Work item ▸
Drop the images; return everything else in the listing below exactly.
-.-.-
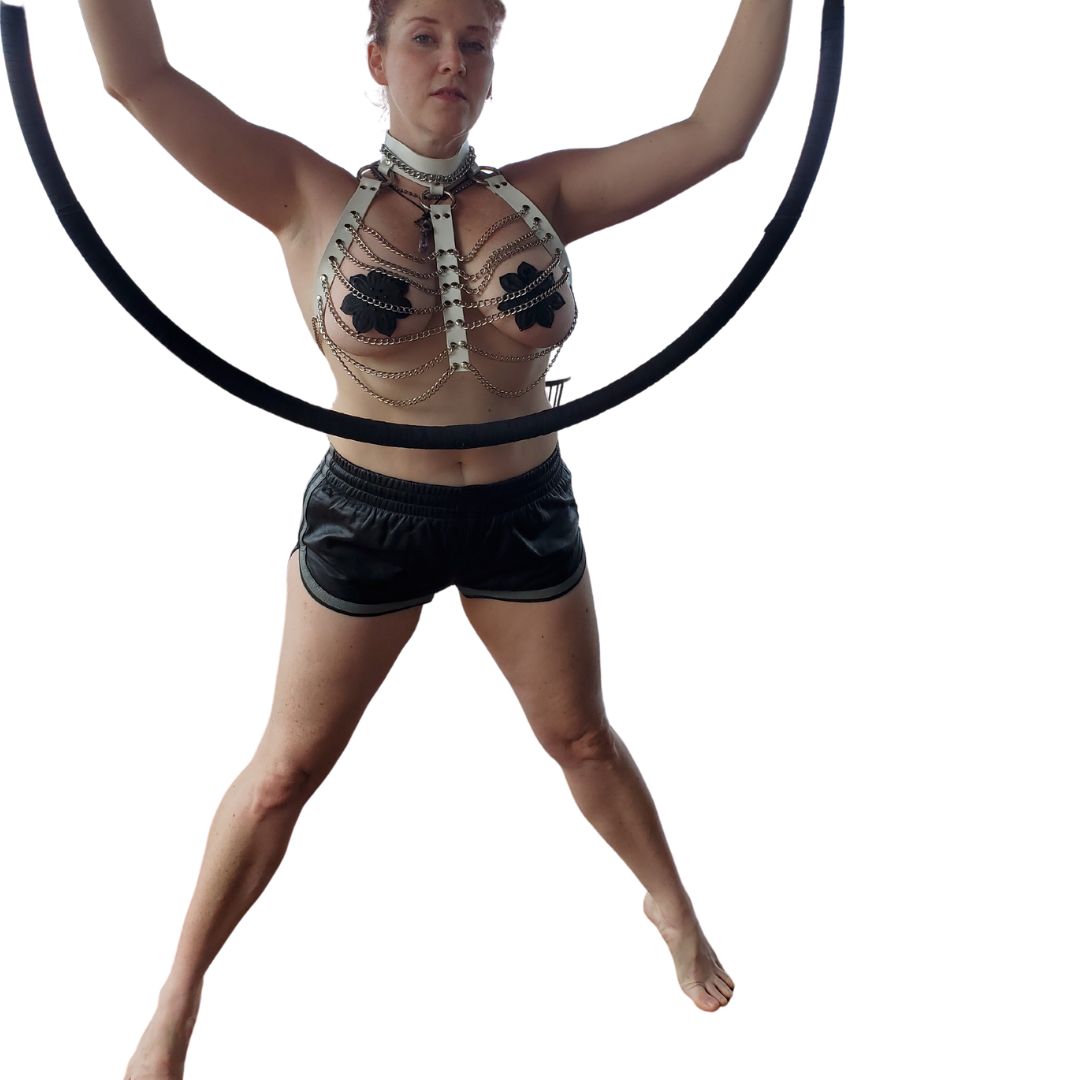 Aerial Hoop model wearing Leather and Chain Three Column Halter Harness and black/grey Prowler Leather Sports Shorts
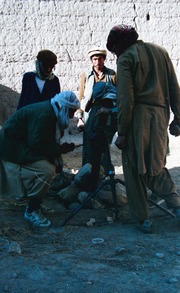 Muj preparing a mortar for firing. - Abdul Qadir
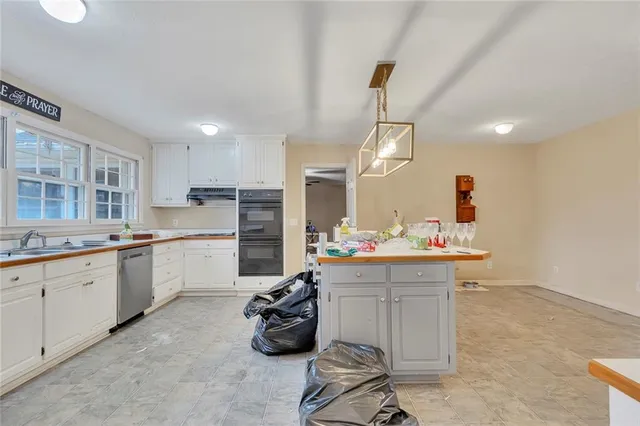 a kitchen that has a lot of cabinets in it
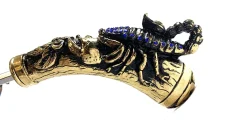 Exclusive handle with 24K golden scorpion and embellished with sapphir
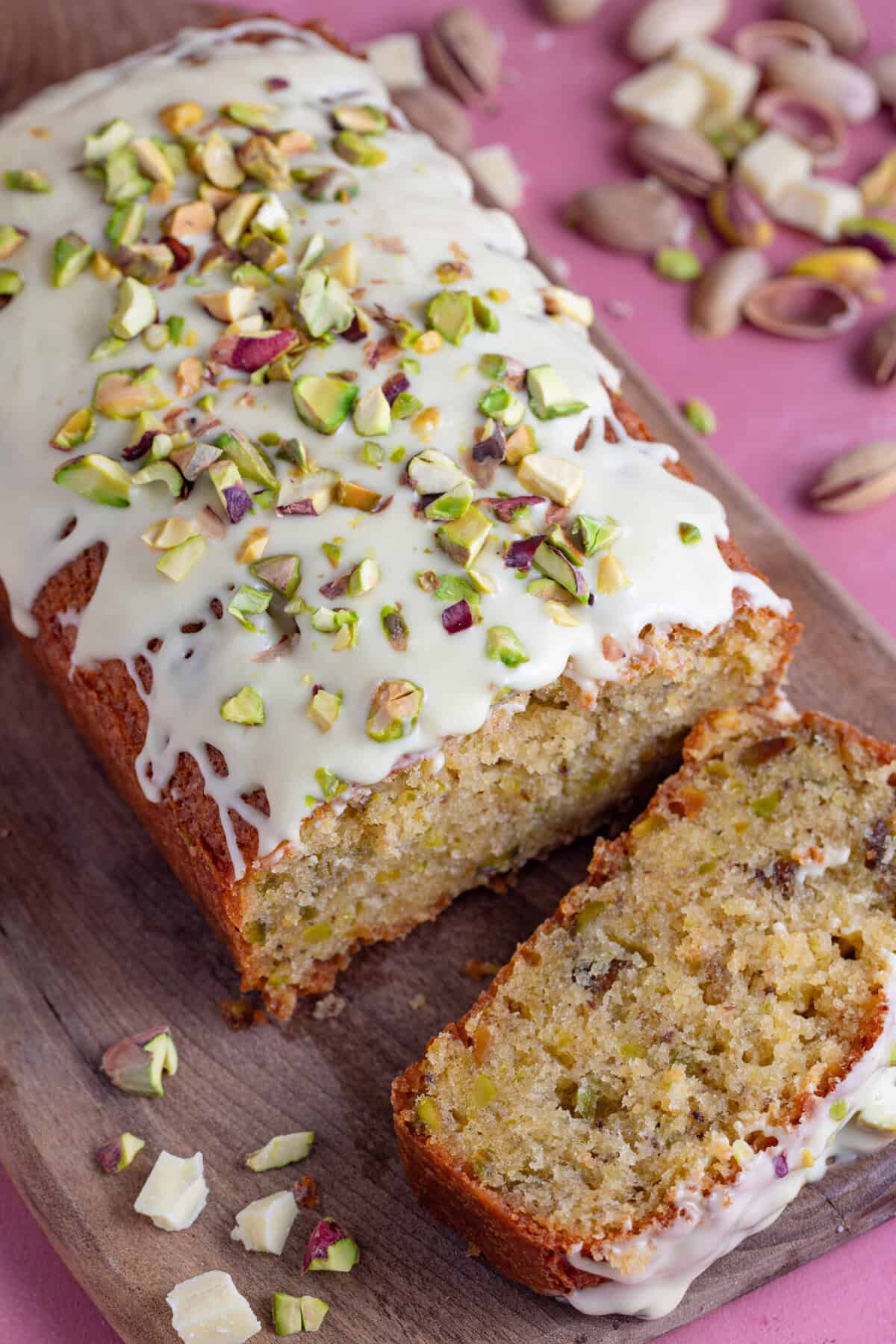 A gluten free pistachio loaf cake with a slice taken off, topped with white chocolate and pistachio nuts.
-.-.-
Exercise solution ▸
 Aerial Hoop model wearing Leather and Chain Three Column Halter Harness and black/grey Prowler Leather Sports Shorts
 Muj preparing a mortar for firing. - Abdul Qadir
 a kitchen that has a lot of cabinets in it
 Exclusive handle with 24K golden scorpion and embellished with sapphir
 A gluten free pistachio loaf cake with a slice taken off, topped with white chocolate and pistachio nuts.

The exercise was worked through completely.